In Japan, on the other hand, functional illiteracy is not a concept. There is no way to know what the results would be if it were measured in ways similar to those used in the United States. One can only hazard a guess. For example, what is one to make of the fact that the favorite reading material of wage earners coming home on evening trains is not books or newspapers but manga comics? Manga now account for a huge share of Japanese publishing-as much as half of the magazine market. The point is not that Japanese schools fail to make their students literate – clearly, they do – but that they are not necessarily doing it better than schools in other countries.

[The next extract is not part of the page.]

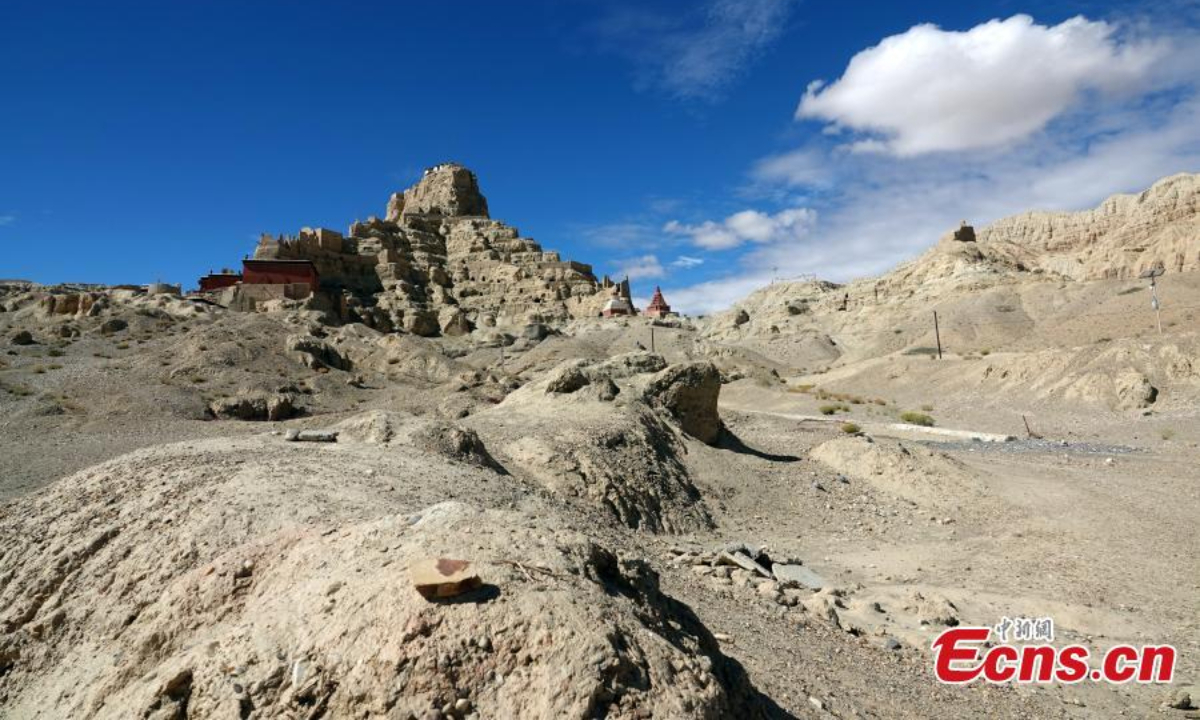 2022年8月4日，中国西南部西藏自治区阿里地区赞达县古格王国古都遗址鸟瞰图。图片：中新社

To pass examinations in Japan, students must learn facts, facts that are not necessarily relevant to each other or useful in life. The emphasis is on rote memorization. The Ministry of Education reviews all textbooks and standardizes their contents so that pupils across the country, both in public and private schools, read the same books. Unfortunately, the «facts» are not necessarily the facts as the world sees them-especially the history of World War II. The 1970s and 1980s saw frequent protests from China and Korea, for example, when the ministry tried to insist that all textbooks describe Japan's «invasion of the continent» as an «advance into the continent.» Officially approved texts teach that the facts of the Nanking Massacre are «under dispute»; recently, they finally mentioned «comfort women» (women who were forced to serve the Japanese army as prostitutes) but did not say what they did. There is no information about the infamous kenpeitai (secret police), who administered a reign of terror before the war, no description of Japan's colonial rule in Korea, and so forth. The authorities have effectively removed from students' education the period 1895-1945, a crucial half century in world history. Courts have ruled that the purpose of the ministry's textbook review is strictly to check facts, but it has become another unstoppable process that officials hold dear. In recent years, textbook review has gone beyond war issues to other matters: the ministry scratched a sixth-grade textbook because the onomatopoeic sounds that a poet used to describe a rushing river differed from the officially recognized sounds. Textbooks may not mention divorce, single-parent families, or late marriage. Or pizza. The ministry commented, «Pizza is not a set menu for a family.»

It is bad enough when bureaucrats in Tokyo start telling families what they may think about eating for dinner, but there is another, more serious problem: the facts taught in school are not the ones that university entrance exams test for! Students must therefore attend cram schools (juku) after school – two-thirds of all students aged twelve to fifteen attend juku, which accounts for between two and four hours each day. In addition, extracurricular activities like sports or music clubs function along the lines of paramilitary organizations, with a host of extra duties that exhaust both students and teachers.

This brings us to another vital and distinctive rule of Japanese education, which sets Japan apart from every other nation in the world (with the possible exception of North Korea). It is the principle of keeping a student busy every second. This successfully eliminates any time for independent interests and results in constant fatigue. «Children often tell me, 'I'm tired,' » says Kanno Jun of Waseda University. «They are busy with school, cram-school, and other activities-way beyond their natural limits.» Sleep deprivation is a classic tool of military training, its use well documented in the prewar Japanese army. Being constantly exhausted and yet exerting oneself to gambare is one of the best lessons in masochism. One private poll of sixth-graders in Tokyo found that one in three students went to bed at midnight, at the earliest, because they were studying for juku.